How clean should a teen’s bedroom be?
October 10th, 2007Dear Straight Talk: My son is 18 and he keeps his room fairly clean, but my daughter’s room is a disaster. She is 16 and I withhold her allowance unless she cleans, but 75 percent of the time she goes without. She doesn’t seem to care. How clean should a teen’s room be? — Vacaville Mom
Dear Mom: You may want to lie down with an ice pack and an eye pillow. The teen panel is roaring from that disaster area down the hall.
Number one piece of advice when dealing with teenagers: Choose your challenges carefully. With any challenge, you have three basic options: win the challenge, change the challenge, or drop the challenge. If you want to win this particular challenge, you will obviously need to do more than withhold your daughter’s allowance. But ask yourself if a clean bedroom is worth war, because I get the feeling that’s where this is headed.
Personally, I have little interest in the clean bedroom challenge. Greater dividends come from spending energy creating an emotionally safe and openly communicative home. Nothing buffers teens from stress more than a welcoming home and a place inside it that they can call their own. Of course, filth has its limits. Dirty dishes, rotting food, stinky laundry, shoe fungus, and mold are banned without debate. Combined with an occasional shoveling, that, to me, is the extent of how clean a teen’s room should be.

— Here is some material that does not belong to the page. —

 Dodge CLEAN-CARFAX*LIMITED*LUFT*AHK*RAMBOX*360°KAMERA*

From Kendal, 19: This is a fight you’re never going to win. My parents berated, begged, bribed, threw away my things, threatened, withheld, and grounded. But my room remained a disaster for my entire stint at home. We engaged in a completely unnecessary and constantly inflamed battle that lasted right up to the day I moved out.
I’m now in college. My clothes are hung up and my laundry is in my hamper. Now that I have my own place, a dirty room stresses me out.

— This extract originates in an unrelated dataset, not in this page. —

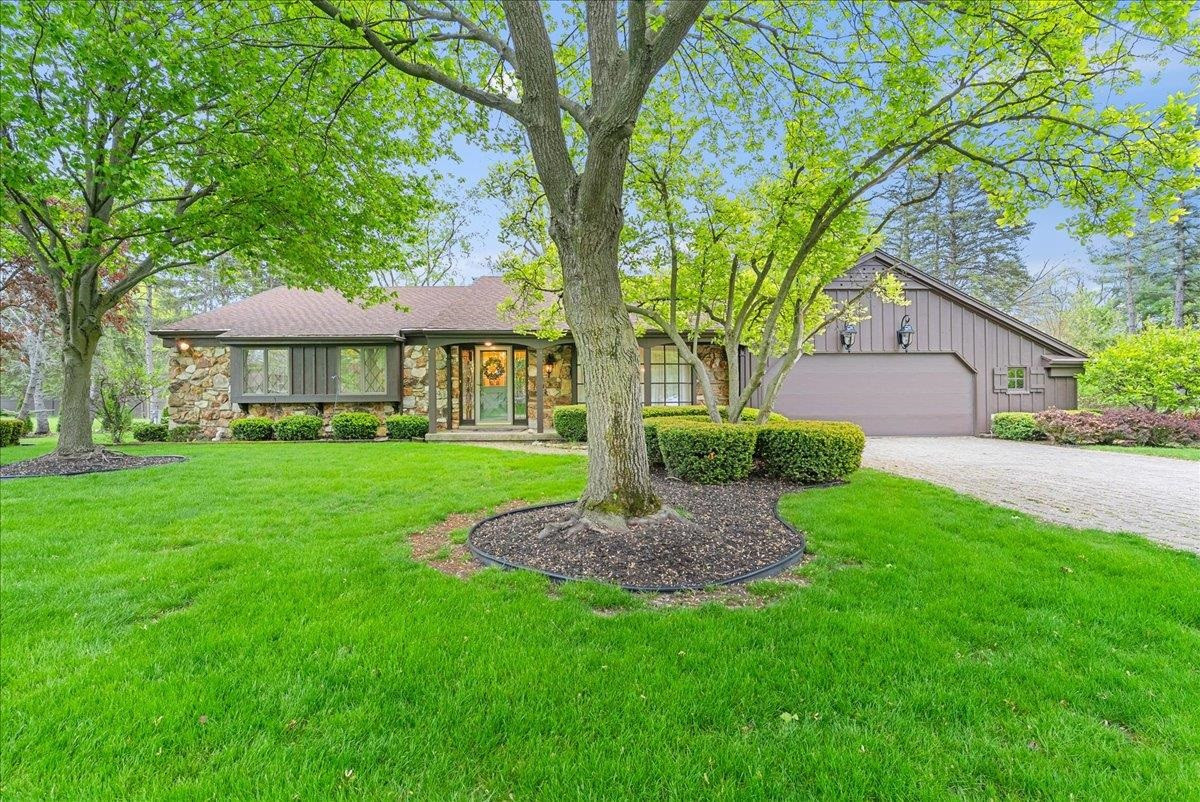 2338 Meadowdown Street, Owosso, MI 48867 — Photo 2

Make a deal that you’ll stop hassling her about her room if she’ll clean it when you have serious company, like at holidays. And please, if the heat won’t reach her room, don’t just close her door. Everyday in winter I came home to a freezing room.
From Jennifer, 13: Homework is kicking my butt and I’m going through a lot emotionally, so my room is a disaster, too. You never know what your daughter is dealing with, she could be under pressure to use drugs, she may have flunked a test, maybe her boyfriend is pressuring her for sex. Cleaning your room shouldn’t be that important. Yes, if you’re not doing laundry and everything stinks, that’s one thing, but what’s wrong with clutter and clothes all over the place?
From Mariah, 15: When my parents tell my sisters and me to clean our rooms, we are grounded until it’s done. Personally, I don’t care if my room is clean unless someone comes over. It’s not like my parents live in it. I don’t see why they care.
From Mary, 17: My room is fairly organized, but my 18-year-old brother’s is wall-to-wall junk. It has nothing to do with age, it’s all about personality.
From Justine, 15: You withhold allowance and that’s it? If I don’t clean my room my parents pile on the punishments until I do. The main thing they threaten is to take away the internet. Maybe you could bribe your daughter with that.
From Laura, 21: I’ve never understood why a clean bedroom is such a big deal to parents. In high school I had so much homework that free time was precious. Cleaning my room was at the bottom of my list — and I like cleaning! Had my mom punished me, it still wouldn’t have been a priority. Frankly, any parent who considers this one of their chief concerns should thank their teenager repeatedly for not having worse problems.